All day the media were chasing phantoms: Obama had made a new proposal to the Senate (thanks, Scott Brown; good luck, Ed Markey!), and then Obama was meeting with the Congressional big four: Boehner, McConnell, Reid and Nancy Pelosi on Friday. All day the White House denied those reports. But the president did come back to Washington Thursday, leaving his family behind in Hawaii. Here's hoping he will resume his conversation with the American people, at least, on Friday.
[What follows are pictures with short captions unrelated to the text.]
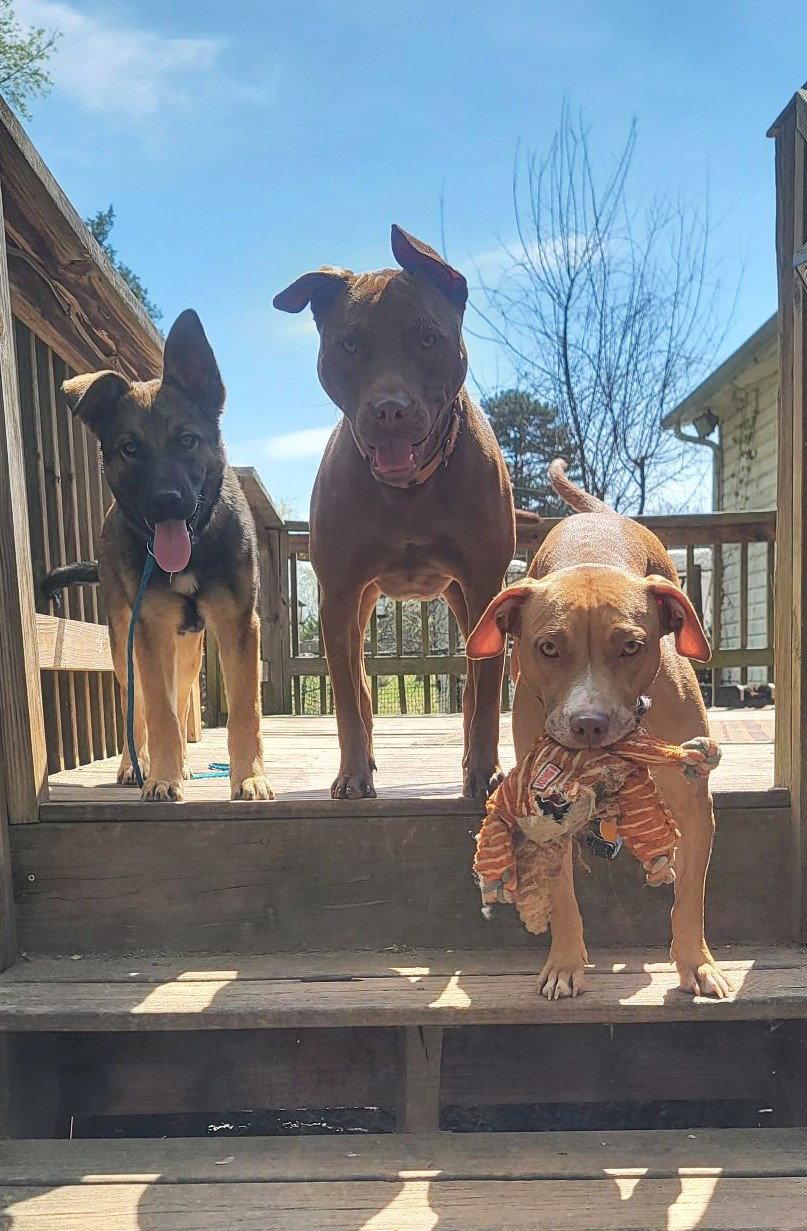 Enlarge Sweet Pea, a Adoptable American Staffordshire Terrier in Arlington, VA image 3/3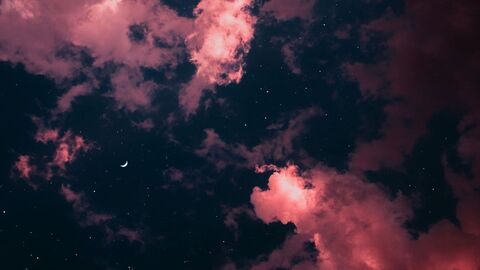 Header of babykittenmoon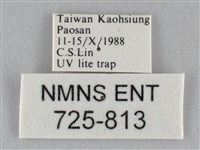 斜紋夜盜蛾藏品圖，第3張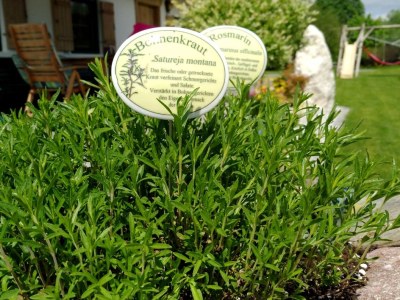 Holiday apartment Farm Kernerbauer - Outdoor photo 9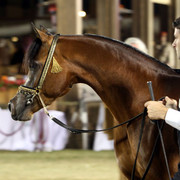 2008 The Al Khalediah Arabian Horse Show 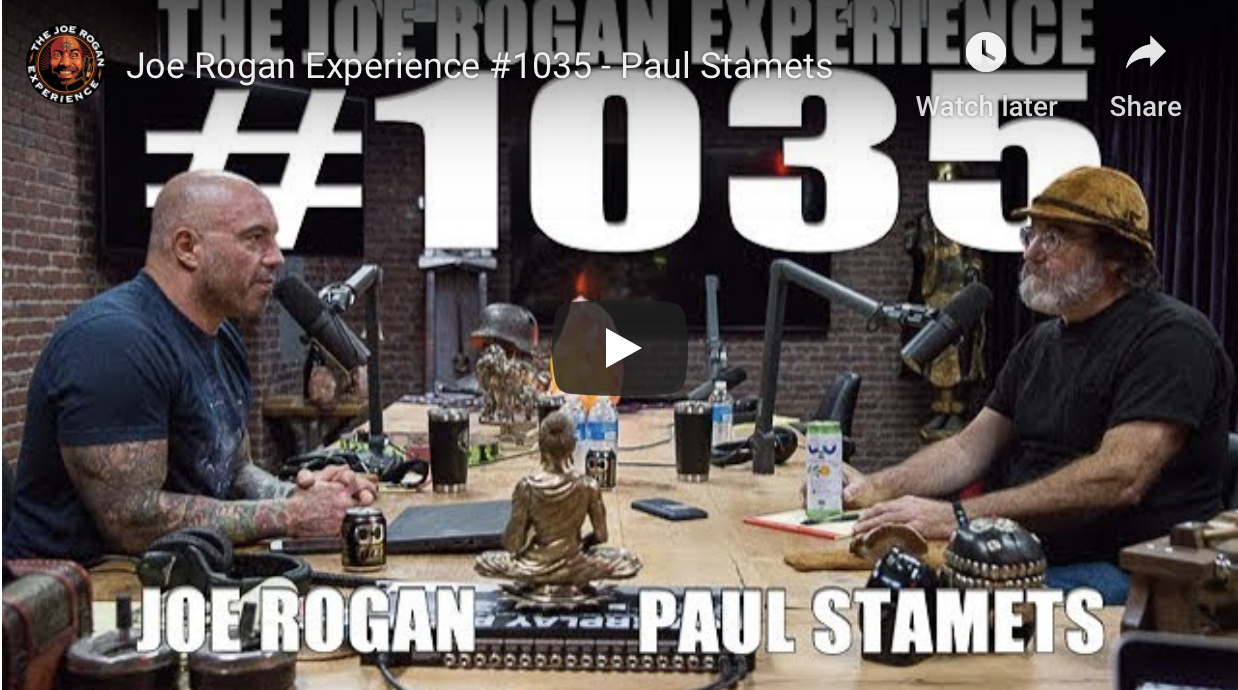Joe Rogan Experience #1035 - November 2017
I continue to worry that Obama is all too inclined to go for a grand bargain with Republicans – even as I know that even formerly reasonable Republicans are all too inclined to deny him a victory, in order to fend off primary challenges from the Tea Party right. Yet though I harbor my own misgivings about his political instincts on Social Security and Medicare, going back to his first presidential run, I prefer when he's talking to the American people to when he's not. The longer this cliff kabuki goes on, the more likely it is that the public will join mainstream journalists in blaming both sides. Since Obama ended his vacation, he ought to end his (recent) silence and rally the public to his side.
It's strangely fitting: The CNBC screamer who helped launch the Tea Party, Rick Santelli, lost it again Thursday afternoon over the fiscal-cliff standoff, after Treasury Secretary Tim Geithner turned up the heat by declaring that the country would reach the debt ceiling Dec. 31. "The Fed doesn't have a clue, neither does the president, neither does Congress ... Neither does Tim Geithner, who gives a speech about the debt ceiling. I'd like to see if he could count to a million, much less 16.4 trillion!" Santelli shouted.
But crazy Santelli did make me wonder: Why did Geithner come out and declare that we would hit the debt ceiling on Dec. 31 – though he would use extraordinary measures to postpone its impact – if the administration were not willing to use extraordinary measures, like the much-discussed 14th Amendment option, to lift the debt ceiling. The oddest thing the White House has done in its otherwise deft (if ideologically dodgy) cliff negotiation is take that off the table. "This administration does not believe that the 14th Amendment gives the president the power to ignore the debt ceiling -- period," Jay Carney told reporters Dec. 7.
Still, the president has all the cards -- including a few that he may not be willing to play. Taxes go up Jan. 1, which solves the supposed deficit problem. It's true that good things like extended unemployment insurance and expansions of the Earned Income Tax Credit and other progressive tax credits also go away Jan. 1, but there's probably never been any GOP constituency for extending those things, anyway. It's time for Obama to remind Americans who's worked the hardest to resolve this stalemate, or else I fear the phony blame game will begin to spread the shame equally.